**Data to examine:**
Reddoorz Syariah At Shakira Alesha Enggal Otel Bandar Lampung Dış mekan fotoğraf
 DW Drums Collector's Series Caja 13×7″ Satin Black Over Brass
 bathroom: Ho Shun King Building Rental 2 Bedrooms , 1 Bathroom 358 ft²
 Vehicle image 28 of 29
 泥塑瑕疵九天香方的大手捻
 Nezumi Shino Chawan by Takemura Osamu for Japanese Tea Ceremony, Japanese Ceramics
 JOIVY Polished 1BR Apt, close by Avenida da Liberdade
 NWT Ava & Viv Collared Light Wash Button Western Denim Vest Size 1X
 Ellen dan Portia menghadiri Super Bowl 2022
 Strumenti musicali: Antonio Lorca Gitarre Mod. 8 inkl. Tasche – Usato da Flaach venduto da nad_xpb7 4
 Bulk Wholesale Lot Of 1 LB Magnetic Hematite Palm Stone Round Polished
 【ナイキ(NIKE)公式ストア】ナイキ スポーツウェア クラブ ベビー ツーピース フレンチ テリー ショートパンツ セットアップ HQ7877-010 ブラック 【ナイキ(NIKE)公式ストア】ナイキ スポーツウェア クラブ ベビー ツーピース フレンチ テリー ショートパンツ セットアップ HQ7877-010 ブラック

**Your goal:** The response is to be a bare number: the tally of lines in the listing above with the word "Polished".

**Solution to this exercise:** 2